■ What you will do ■
Leave out the images and set down the records below exactly.

■ Scraped caption text data ■
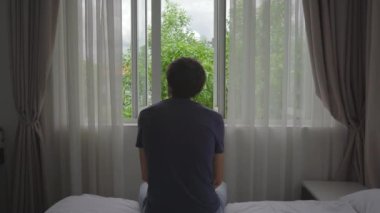 Zorunlu karantinada olan genç bir adam. Oturur ve pencereden dışarı bakar. İki hafta boyunca bir odada kalıyor. Uzun süre tıraş olmadı, stresli ve üzgün. Karantina konseptinde kalmak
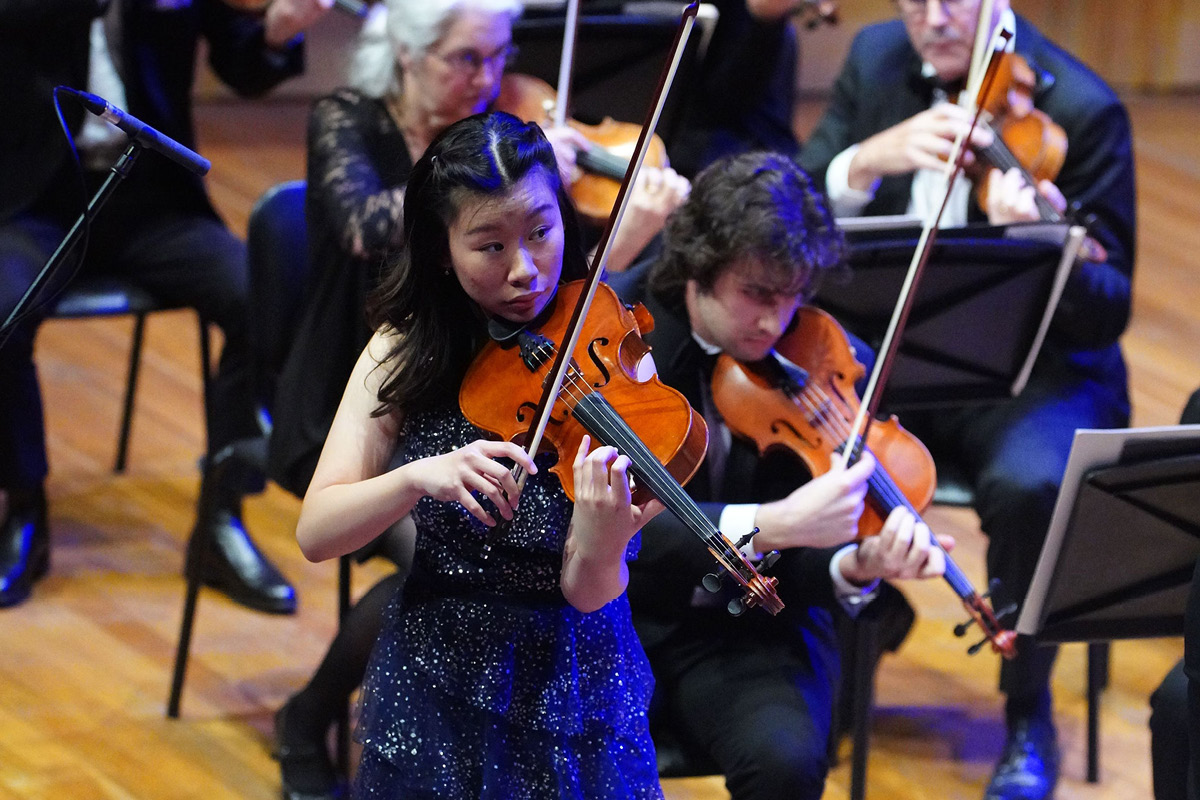 Hayley Lau in a blue dress, standing and performing on violin with a small section of the orchestra in the background.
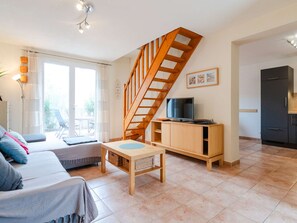 Ein modernes Wohnzimmer mit einer Holztreppe, einem Fernseher auf einem Holzgestell, einer Couch und einem Esstisch.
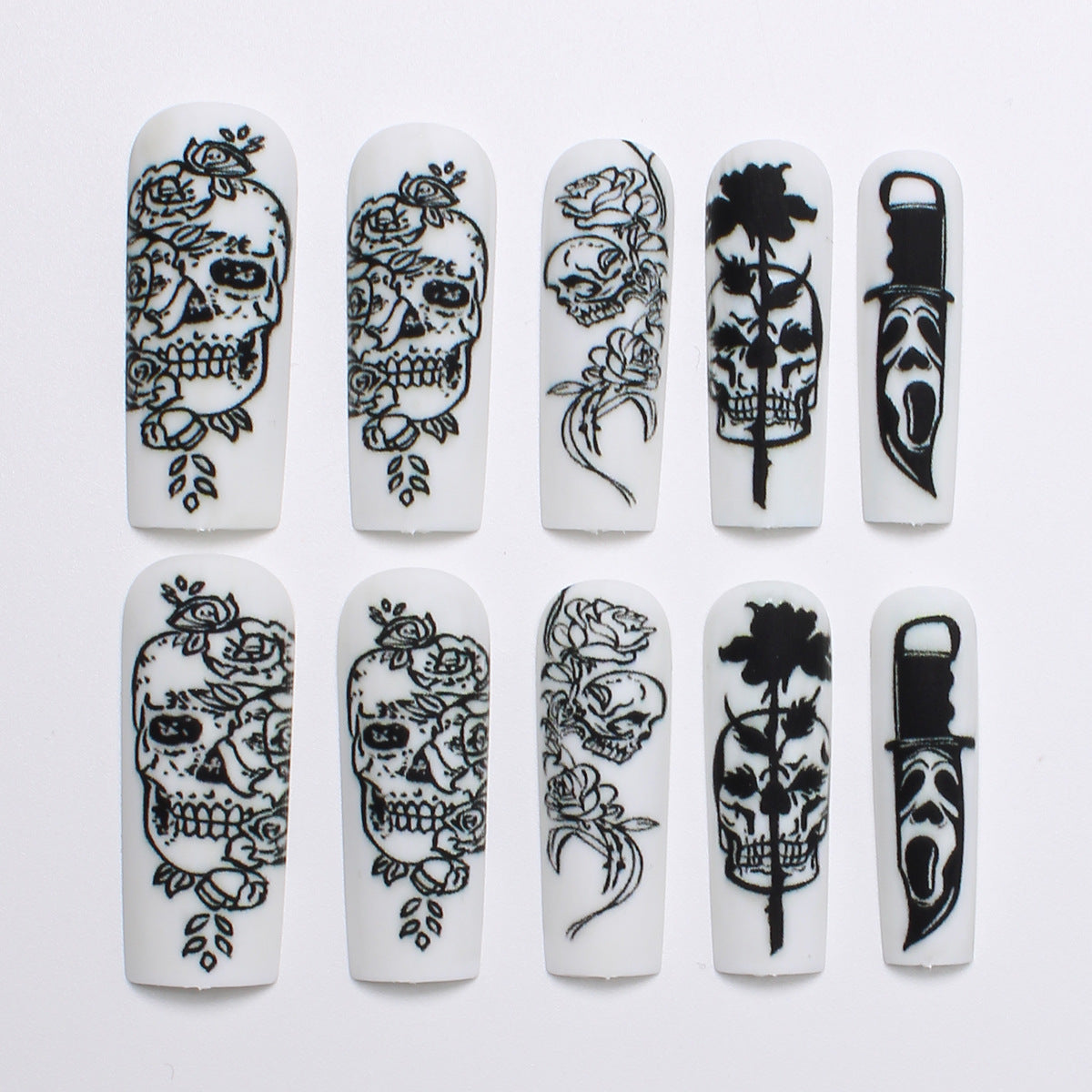 Nail set with spooky skull design and floral motifs Acalora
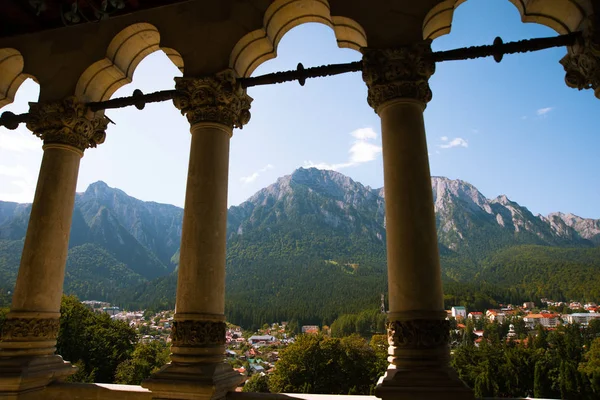 Photo of antique columns on beautiful mountains scape and city,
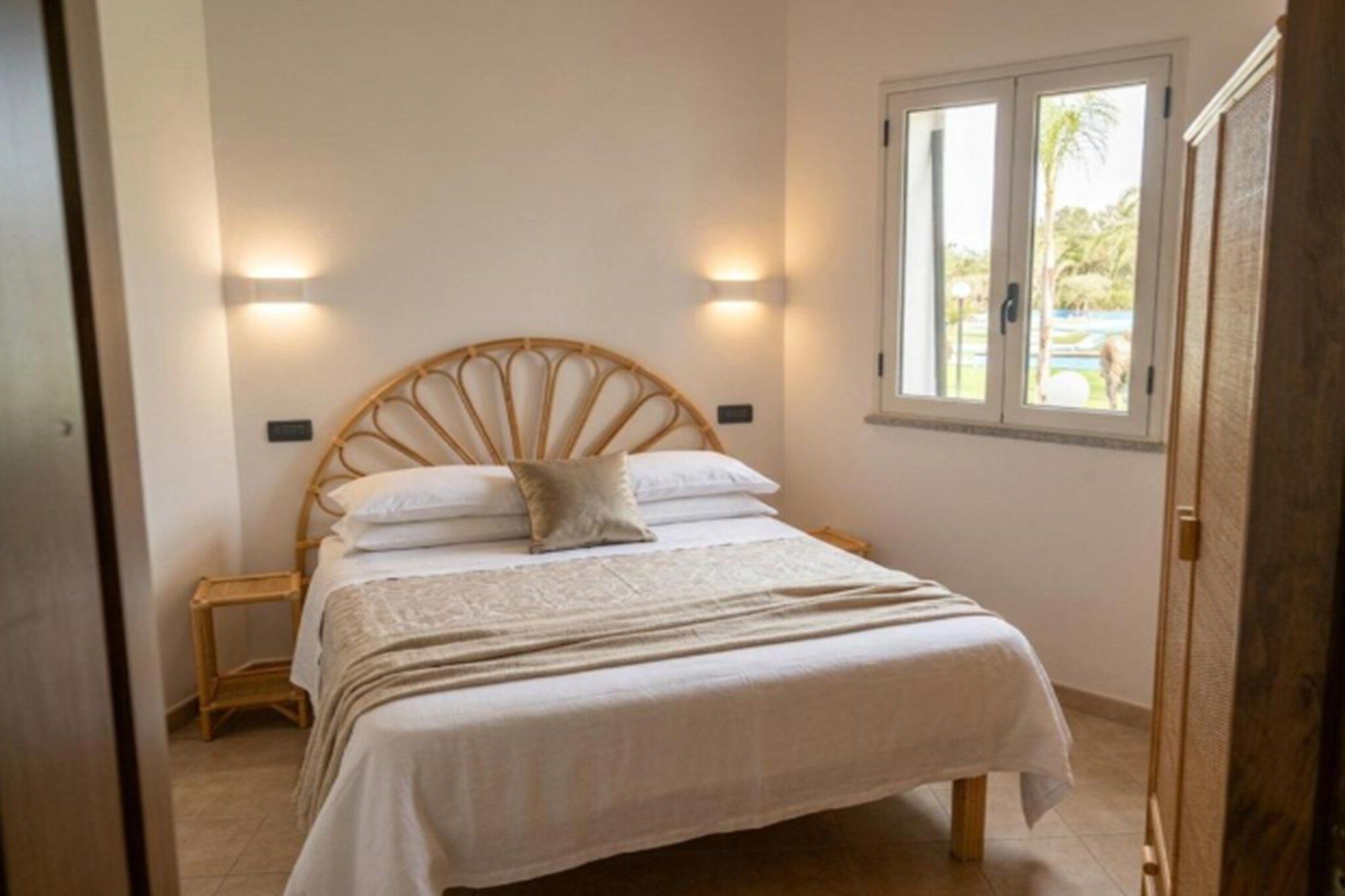 Une chambre à coucher avec un lit, des tables de chevet et une fenêtre.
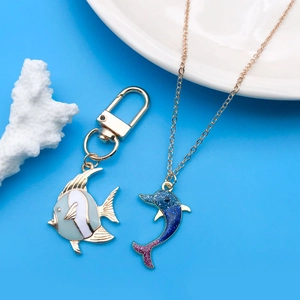 Détail du porte-clés poisson vert et du pendentif dauphin bleu sur un fond bleu brillant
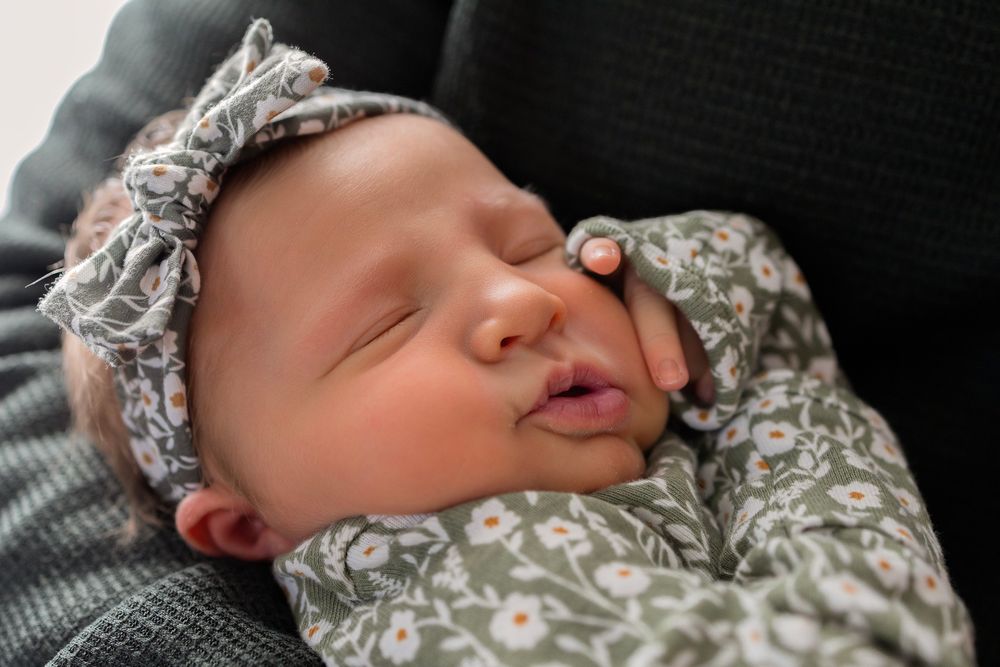 Sleeping newborn baby girl in floral headband and matching green outfit, peacefully resting on a gray surface.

■ Task answer ■
 Zorunlu karantinada olan genç bir adam. Oturur ve pencereden dışarı bakar. İki hafta boyunca bir odada kalıyor. Uzun süre tıraş olmadı, stresli ve üzgün. Karantina konseptinde kalmak
 Hayley Lau in a blue dress, standing and performing on violin with a small section of the orchestra in the background.
 Ein modernes Wohnzimmer mit einer Holztreppe, einem Fernseher auf einem Holzgestell, einer Couch und einem Esstisch.
 Nail set with spooky skull design and floral motifs Acalora
 Photo of antique columns on beautiful mountains scape and city,
 Une chambre à coucher avec un lit, des tables de chevet et une fenêtre.
 Détail du porte-clés poisson vert et du pendentif dauphin bleu sur un fond bleu brillant
 Sleeping newborn baby girl in floral headband and matching green outfit, peacefully resting on a gray surface.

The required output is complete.